Faye Street ran cattle in the Kootenays for three decades, a lifestyle that allowed her to put fresh, homegrown food on the table. "My kids never ate store-bought bread. I made my own butter," she says with undisguised pride.
Ms. Street is a second-generation farmer, and she and her husband expected to hand over the ranch to their sons when they retired. "It is a great life, it's a wonderful way to raise children," she said. "We'd [work] for 14, 16 hours a day up in the mountains in the summertime … Then you'd come in at night and eat quality food."
But her boys would have none of it. "They both just looked at us and said, 'Are you crazy? You work like dogs and never make any money.'"

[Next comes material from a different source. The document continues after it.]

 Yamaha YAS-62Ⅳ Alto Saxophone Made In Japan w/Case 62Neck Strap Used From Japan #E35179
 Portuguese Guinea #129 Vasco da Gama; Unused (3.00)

All around the valley, Ms. Street has watched farmers and ranchers give up the fight. She says the province needs to help sustain agriculture – not by protecting every inch of farmland, but by allowing producers more flexibility to make a living.
She hopes that Bill Bennett, the minister responsible for a "core review" of government operations, will do what no minister has dared do in 40-odd years: Wrangle the sacred cow that is the province's Agricultural Land Reserve.

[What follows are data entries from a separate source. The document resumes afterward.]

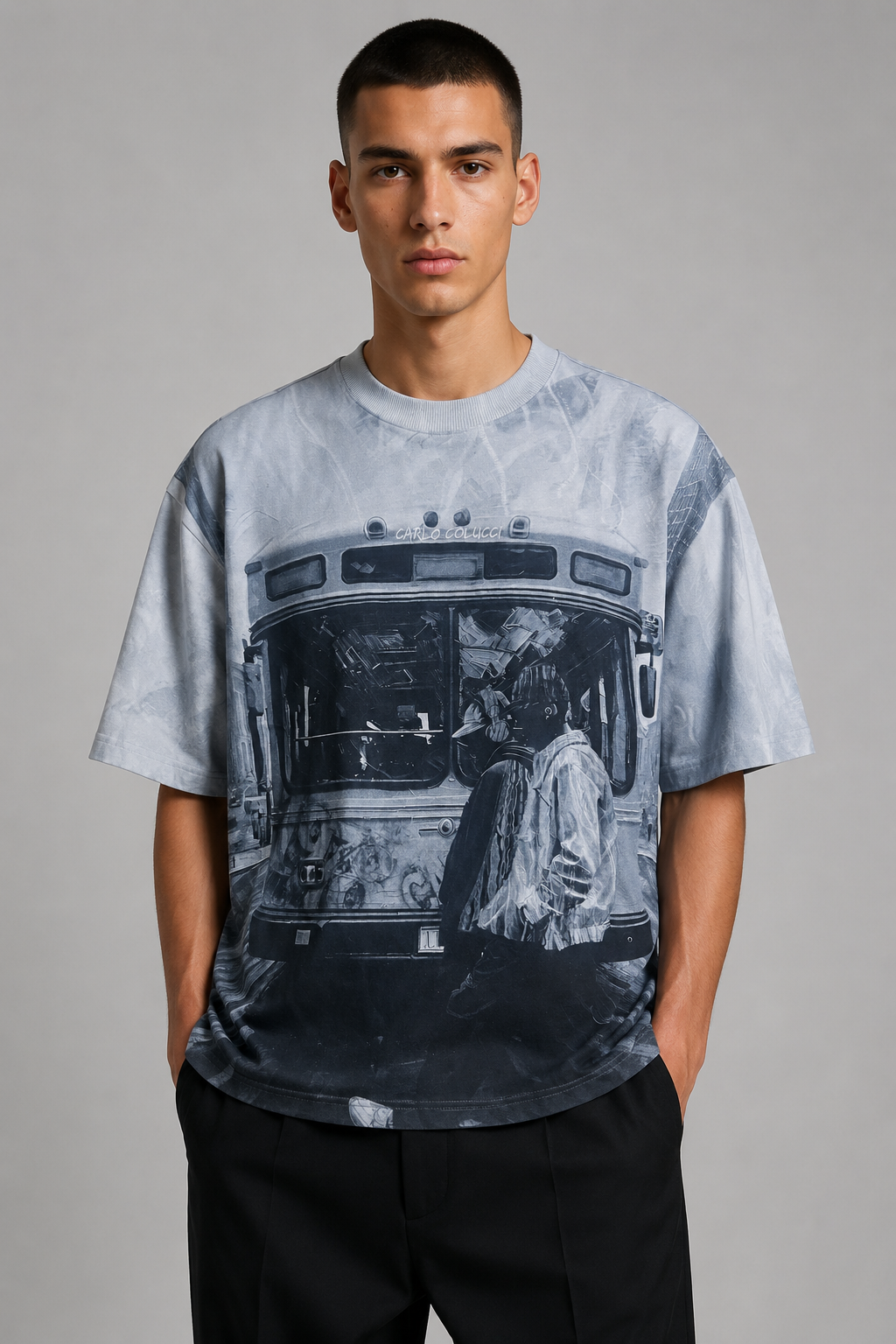 Carlo Colucci T-Shirt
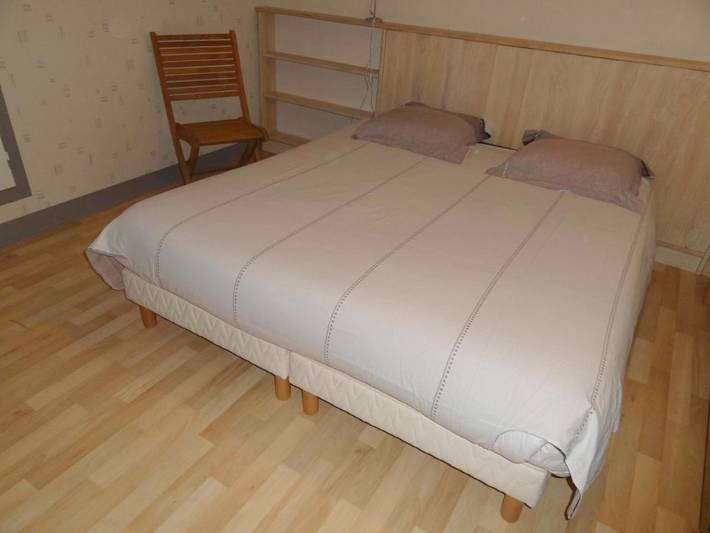 Location de vacances pour 2 personnes, avec vue et jardin à Fleury (Normandie) - 3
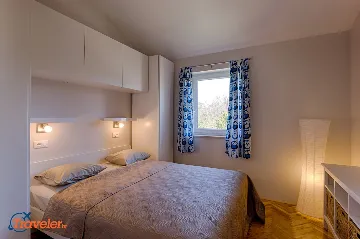 4-Bedroom Villa in Brzac with Private Pool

Mr. Bennett could introduce legislation as early as this week to change the ALR and its governing body.
Late last year, a leaked document suggested Mr. Bennett was preparing major changes to the management of protected farmland in B.C. It touched off a political furor. At that time, Mr. Bennett insisted he has no plans to take over the independent agency that has managed 4.7 million hectares of agricultural land in B.C. since the reserve was established in 1972.
But in a recent interview, he was clear he's ready to make changes to the mandate of the Agricultural Land Commission.

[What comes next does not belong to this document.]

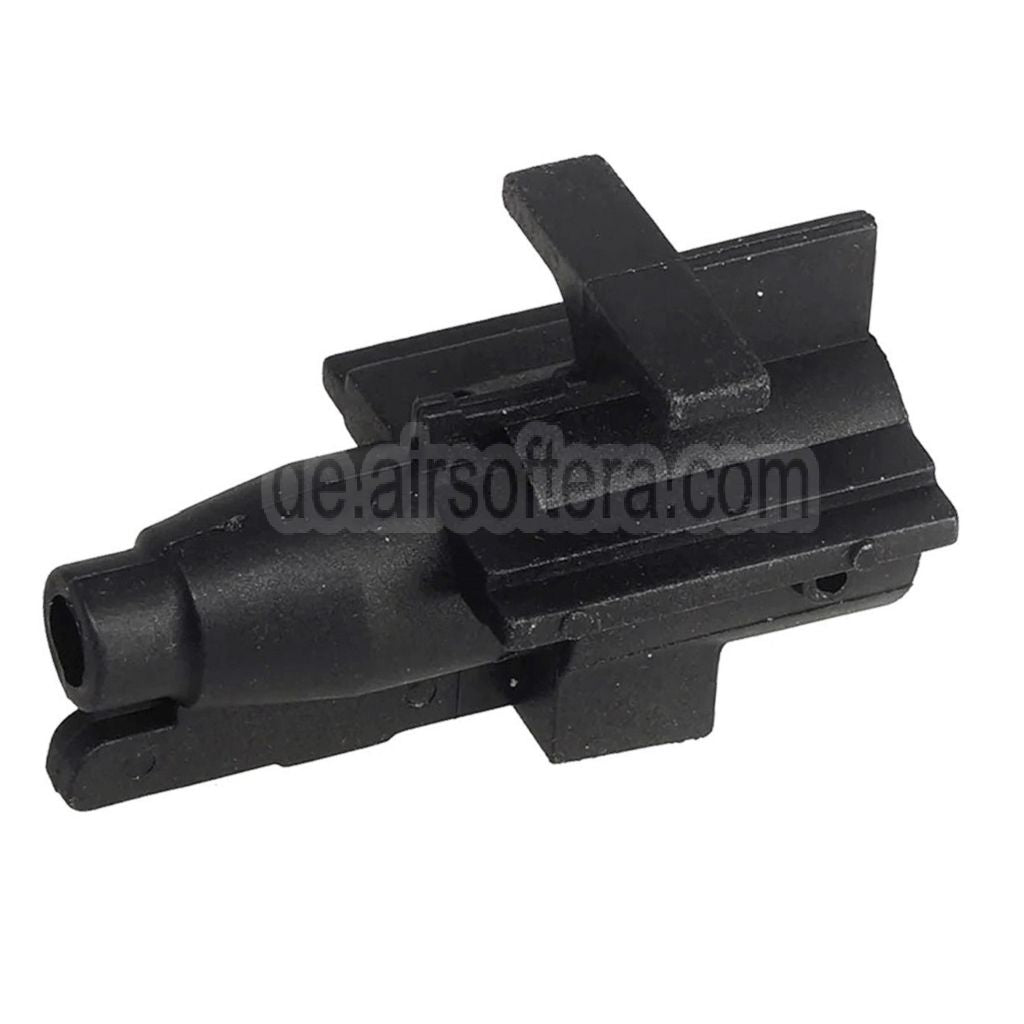 AirsoftEra Polymer Ladedüse Geeignet für Well WE G74 AK74 Serie GBB Gewehre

In Mr. Bennett's mind, there are two distinct farming regions in B.C. There are the rich lands of the Fraser Valley and around Metro Vancouver, where there is constant pressure from encroaching real estate development.
That still appears to be untouchable, in his mind. But then there is the rest of the province, to the north and east of the District of Hope.
"When the reserve was created, the further away from the Fraser Valley and the Lower Mainland the government got, the less care, attention and resources went into drawing those boundaries," Mr. Bennett said.
"The starting point for people who live beyond Hope, in rural British Columbia, is that there is a bunch of land in there that never should have been there in the first place. What's wrong with having a look at that?"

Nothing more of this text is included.